I went back to uni with all my finished stuffs. I was the last person to present. Before the presentation I remember my mom's told me to just be confident and tell the juries everything that I had prepared. That was the first thing in my mind before I started explaining about my design idea.
Finally, when I was done with my part, then the jury went by saying that he liked my way of thinking and my design idea. And before everything approaching the ending, a sincere smile from my tutor with him thanking me for my presentation had really made my day! I did great! Alhamdulillah.
I smiled. The first smile for the entire design studio for this session. The most expensive smile.
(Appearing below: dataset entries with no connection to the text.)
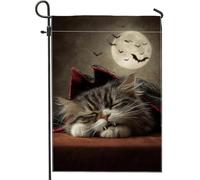 Bandiera da giardino con gatto di Halloween, bandiera grigia con gattino addormentato e luna, bandiera su entrambi i lati in iuta per feste all'aperto decorazione per prato 30,5 x 45,7 cm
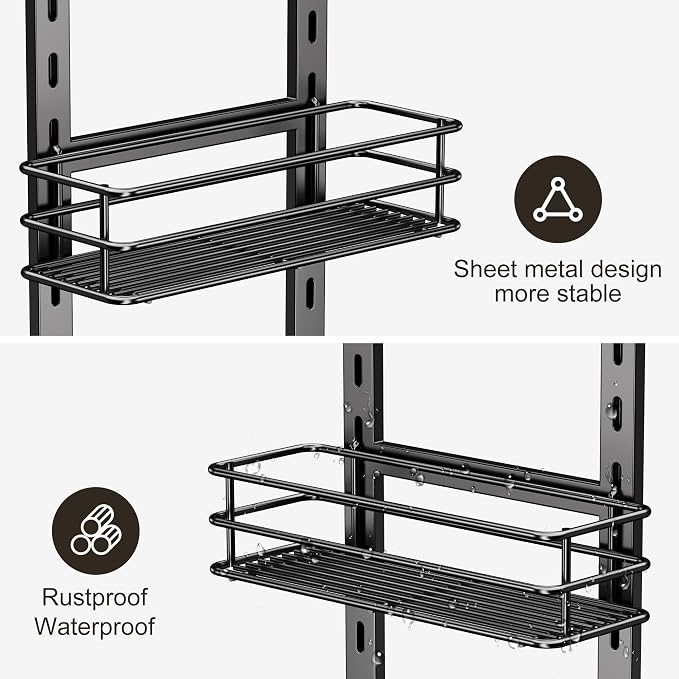 Orimade Adjustable Anti-slip Hanging Shower Caddy over Shower Head,Rustproof Bathroom Hanging shower Organizer with 4 Hooks for Razor,No Drilling Shower shelves Storage Rack,Black 4 Tier - Image 5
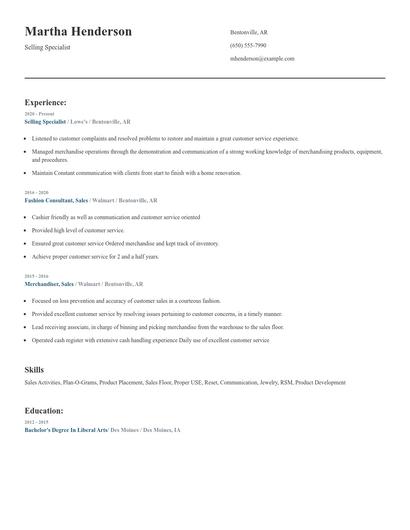 Selling Specialist Resume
Thousands of thanks to my mom who kept praying for my success. She is definitely my no 1. And for my friends out there who did the same. Thank you so much! Not forgotten, you who kept inspiring me with all the wisdoms and you, who always tried to help me eventhough you failed ;P. Thank you ;)
Something for all of you guys out there, dont loose hope. NEVER. When you feel unsecure, go look for you 'spirit builder', they will help you to survive. And dont forget Allah, HE is always there to help. Dont stop your praying to Him. InsyaAllah, the ending gonna be a smile.
p/s: Still waiting for my final result. Do me a favor, pls pray the ending gonna be a happy ending. Thank you ;)
2 comments:
ha.kan ok gitew.
ah.ko boleh.jgn nak ambil title drama queen dari aku boleh tak?
ps: congratulation. lepas ni ko postgrad student jugak la.boleh join mypsa. winks!
im soooo happy for you!! ;)congratulation!!! you almost reach the finishing line...keep the spirit going and u'll be on your way to achieve great success i.A!!!
my prayers will always be with you =)
p/s:
It's obvious that your mum acts as your ultimate 'Secure Base',a new term i learned a week ago...
(Secure base can be a person, place, goal or object that provides a sense of protection and motivation for us to pull ourselves together during hard times. A good secure base should be able to accept,value and foresee one's potentials instead of judging/criticizing him or her based on the current state.)
You should be grateful to have a great 'secure base' to rely on.